The Co-operative Party has argued that Openreach should "become truly open" by operating as a mutual body.
Last month, Ofcom published its Strategic Review of Digital Communication, which outlines a strategy to promote the rollout of ultrafast broadband facilities on a large scale, based on cable and fibre lines.
While the regulator stopped short of demanding that Openreach be separated from BT, it did suggest that it be governed "at arm's length from BT, with greater independence in taking its own decisions on budget, investment and strategy".
However, the Co-operative Party believes this decision means Openreach will continue to be run in the interests of BT's shareholders, rather than those who use phone and broadband services.
General Secretary Claire McCarthy has therefore suggested that Openreach should become a mutual organisation and be owned by the "households and businesses who rely on it".
Speaking to the Guardian, she said: "Run on a not-for-profit basis, a public-service Openreach would be tasked with ensuring a fair playing field for all providers that use its infrastructure.
"The proceeds from the services it provides would then be reinvested, pushing up standards and speeds for all."

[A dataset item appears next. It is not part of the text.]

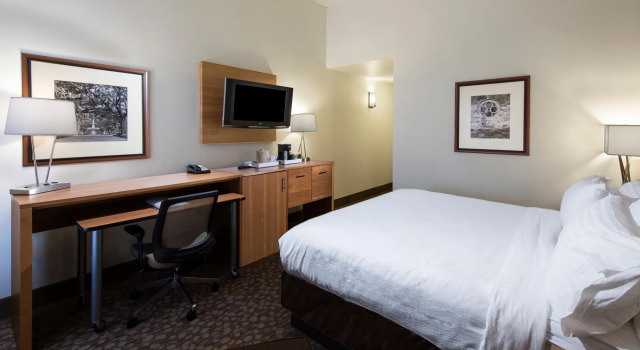 Номер Standard Holiday Inn Savannah Historic District by IHG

Ms McCarthy went on to stress that fast and reliable telecoms are too important a part of the UK's economic future for "any single private interest to have a stranglehold on the underlying infrastructure".
While Ofcom is not advocating a complete split of BT and Openreach at the moment, the regulator confirmed it "remains an option".
One of its key recommendations is to support investment by rival providers to make the market more competitive and reduce the country's reliance on Openreach.
Ofcom hopes to achieve this goal by improving access to Openreach’s network of telegraph poles and its ducts - the underground tubes that carry telecoms cables. This will enable competitors to connect their own fibre optic cables directly to homes.